Nothing should be left out. Give all the data again exactly as written.

= Beginning of Section =

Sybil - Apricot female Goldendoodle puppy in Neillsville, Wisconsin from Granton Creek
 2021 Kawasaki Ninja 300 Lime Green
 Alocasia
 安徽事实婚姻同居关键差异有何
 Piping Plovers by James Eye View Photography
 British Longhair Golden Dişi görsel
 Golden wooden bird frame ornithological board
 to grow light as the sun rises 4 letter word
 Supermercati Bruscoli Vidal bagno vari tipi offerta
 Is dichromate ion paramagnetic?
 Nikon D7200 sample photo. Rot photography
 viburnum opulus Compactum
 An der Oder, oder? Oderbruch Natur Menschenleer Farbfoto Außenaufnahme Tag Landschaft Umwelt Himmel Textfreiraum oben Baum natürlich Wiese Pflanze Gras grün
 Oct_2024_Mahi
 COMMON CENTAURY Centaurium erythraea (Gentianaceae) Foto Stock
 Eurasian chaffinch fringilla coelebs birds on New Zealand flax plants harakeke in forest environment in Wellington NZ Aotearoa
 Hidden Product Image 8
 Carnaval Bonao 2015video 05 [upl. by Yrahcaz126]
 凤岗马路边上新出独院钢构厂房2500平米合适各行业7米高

= End of Section =

→ **RESPONSE TO THE TASK**
Sybil - Apricot female Goldendoodle puppy in Neillsville, Wisconsin from Granton Creek
 2021 Kawasaki Ninja 300 Lime Green
 Alocasia
 安徽事实婚姻同居关键差异有何
 Piping Plovers by James Eye View Photography
 British Longhair Golden Dişi görsel
 Golden wooden bird frame ornithological board
 to grow light as the sun rises 4 letter word
 Supermercati Bruscoli Vidal bagno vari tipi offerta
 Is dichromate ion paramagnetic?
 Nikon D7200 sample photo. Rot photography
 viburnum opulus Compactum
 An der Oder, oder? Oderbruch Natur Menschenleer Farbfoto Außenaufnahme Tag Landschaft Umwelt Himmel Textfreiraum oben Baum natürlich Wiese Pflanze Gras grün
 Oct_2024_Mahi
 COMMON CENTAURY Centaurium erythraea (Gentianaceae) Foto Stock
 Eurasian chaffinch fringilla coelebs birds on New Zealand flax plants harakeke in forest environment in Wellington NZ Aotearoa
 Hidden Product Image 8
 Carnaval Bonao 2015video 05 [upl. by Yrahcaz126]
 凤岗马路边上新出独院钢构厂房2500平米合适各行业7米高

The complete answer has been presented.